Anawim , karmisz dziecko piersią?? :-O
Byłam przekonana, że jesteś facetem ...
42 dni
Juz nie moge sie doczekac kromki razowca i jaglanki.
yessssssssssss
yessssssssssss
ale i tak zrobie te diete jeszcze raz
bardzo malo snu mi teraz potrzeba i mam zwyzke energii, nosi mnie
mila mi byla ta dieta
chociaz gorsze dni w sensie samopoczucia fizycznego i czasem psychicznego sie zdarzaly
I co jakis czas zwiekszona ochota na produkty niedozwolone!
Dieta jest ok, do przejscia .
@Anawim i slusznie, lepiej razem.
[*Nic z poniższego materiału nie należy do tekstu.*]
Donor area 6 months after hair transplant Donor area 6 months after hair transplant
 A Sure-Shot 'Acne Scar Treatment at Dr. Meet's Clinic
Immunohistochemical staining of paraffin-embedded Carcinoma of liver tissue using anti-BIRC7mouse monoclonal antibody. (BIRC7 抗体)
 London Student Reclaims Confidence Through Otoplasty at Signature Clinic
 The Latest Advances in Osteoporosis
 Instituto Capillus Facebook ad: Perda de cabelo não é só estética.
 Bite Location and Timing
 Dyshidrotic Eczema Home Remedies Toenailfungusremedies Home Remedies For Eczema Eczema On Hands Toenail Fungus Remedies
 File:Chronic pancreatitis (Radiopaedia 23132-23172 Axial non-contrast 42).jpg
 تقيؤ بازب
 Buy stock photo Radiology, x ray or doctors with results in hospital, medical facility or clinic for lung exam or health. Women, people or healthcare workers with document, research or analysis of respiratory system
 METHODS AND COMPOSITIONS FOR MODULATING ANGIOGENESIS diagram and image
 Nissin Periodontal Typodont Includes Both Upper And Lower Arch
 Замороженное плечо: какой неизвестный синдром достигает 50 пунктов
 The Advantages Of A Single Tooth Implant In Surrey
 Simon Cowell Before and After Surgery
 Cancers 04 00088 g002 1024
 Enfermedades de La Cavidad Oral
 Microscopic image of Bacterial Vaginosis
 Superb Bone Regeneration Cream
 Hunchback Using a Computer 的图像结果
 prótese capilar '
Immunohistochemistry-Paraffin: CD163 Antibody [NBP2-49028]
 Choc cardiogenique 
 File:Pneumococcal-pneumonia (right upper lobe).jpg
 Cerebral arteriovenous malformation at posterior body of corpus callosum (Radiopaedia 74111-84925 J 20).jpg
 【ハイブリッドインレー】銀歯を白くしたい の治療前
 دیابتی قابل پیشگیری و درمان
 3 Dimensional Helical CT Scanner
Ze mna maz na diete poszedl, ale u nas juznikt nie karmil .
Przy karmieniu piersią naprawdę się nie da dietować, kiedyś Babuska pisała w którymś wątku o WO, że malutkie dziecko mamy karmiącej i dietującej w ten sposób wylądowało w szpitalu na toksykologii. Miało uszkodzone nadnercza z powodu toksyn z mleka mamy.
My dietę robiliśmy osobno. Mąż - rok po mnie. Zrzucił 20 kg w ciągu 6 tygodni. Przez pierwsze 10 dni chudł 1kg dziennie.